It is easy to blame the students for my indifference simply because there is no other plausible cause. My daughter, who is on the verge of walking, brightens my mood and occupies the free time after work. My wife, who is an amazingly supportive woman, brings stability to an otherwise unfocused individual. My career, though young, has an auspicious future. So why do I feel like giving in?
Student Apathy--Okay, apathetic students have dogged the education world since the paint finished drying on the first one room school house in New England. There exists within me the belief that my love of literature and writing can supercede the general ennui associated with public education. Sure, that is egotistical, but it is at the core of why I teach. So, when a student fails to donate more than a half-ass effort because he's a senior, it pisses me off. There I am, 9:30 a.m. on Saturday morning, scouring essays for actual thoughts while my 9 1/2 month old daughter practices her first steps. I give too much of my time beyond the required 6.5 hours per day to have some lazy kid tell me that he doesn't see the point of learning sentence structure.
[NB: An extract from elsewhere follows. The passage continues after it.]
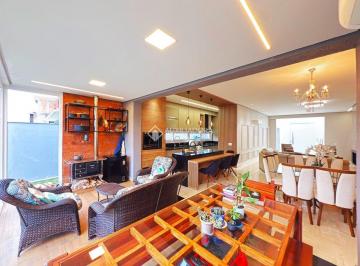Casa · 230m² · 3 Quartos · 2 Vagas · Casa com 3 suítes no bairro Vila Nova no Alphaville.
Student Drama--It seems that at least two students a year pull on my heartstrings. We've all had at least one of these students whose life circumstances make it hard not to give the extra effort for them. We become a counselor, a mentor, maybe a friend to that student; only, the advice thate we give, the support that we offer ultimately falls to ground unheeded. I've invested too many emotions into too many students who have basically thrown it back in my face. What bothers me the most about this is that I keep giving. I keep believing in the good of humanity to the point of weariness. I've grown weary of caring for the troubled or confused student. I have a daughter, now; it seems I ought to be saving up all my caring for when she will need it.
Really, those are the two reasons I have felt drained of life energy lately. This is the first time in the four years that I have been teaching that I have felt this low. Even the events of two years ago, when a group of students tried to use the media to bury my career, did not cause me to question my commitment to educating students. I still believed in the nobility of the profession. Today, at 6:00 p.m. on a Sunday night? I'm not as confident.
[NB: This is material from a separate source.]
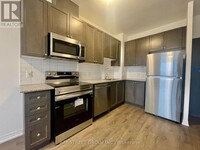 3265-3265 Carding Mill Trail in Oakville, ON - Building Photo - Building Photo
In an attempt to regain my sense of perspective, I tried to locate the speech I gave in front of a panel that would ultimately decide to allow me into the education program at Northwest University (then Northwest College). I came up empty.
I remember the premise quite well. Instead of telling the panel why I wanted to be a teacher, I told them why I didn't want to be a teacher. The risky approach tapped out the primary beat to which I have marched to ever since. I have tried to embrace this career not as a job, but as a vocation--a calling. I did manage to find in an old journal this reminder:
"My thoughts for life include grandiose plans. And English teacher who teaches with passion and knowledge. Understanding students, being sensitive to them."
Why do I teach? First, let me begin by exploring why I teach English. Primarily, it is because I believe the power of stories. From generation to generation, since we were either created by God or finished evolving from monkeys, man has told stories. We are an imaginative creature capable of expressing the depth of our nature through the words that we have learned. From Shakespeare's exploration of human nature to Paton's lamentaion of that same human nature, words have brought us to a better understanding of who we are; and those same words have sparked monumental revolutions in our world.
Why do I teach? Second, let me explore why I teach high school. The adolescent must navigate a complicated maze to adulthood. We implore the adolescent to slow down their sprint to maturity while bombarding them with adult responsibility. We ask of them more than we are often willing to give ourselves. The adolscent is in search for who he or she is and will be. I want to offer my experience and the experiences of so many great authors as guiding lights.
Ultimately, I believe that my story and the stories of countless men and women who have put pen to paper have the power to lead and influence a new generation of leaders that this world is desperately in need of. That is why I teach.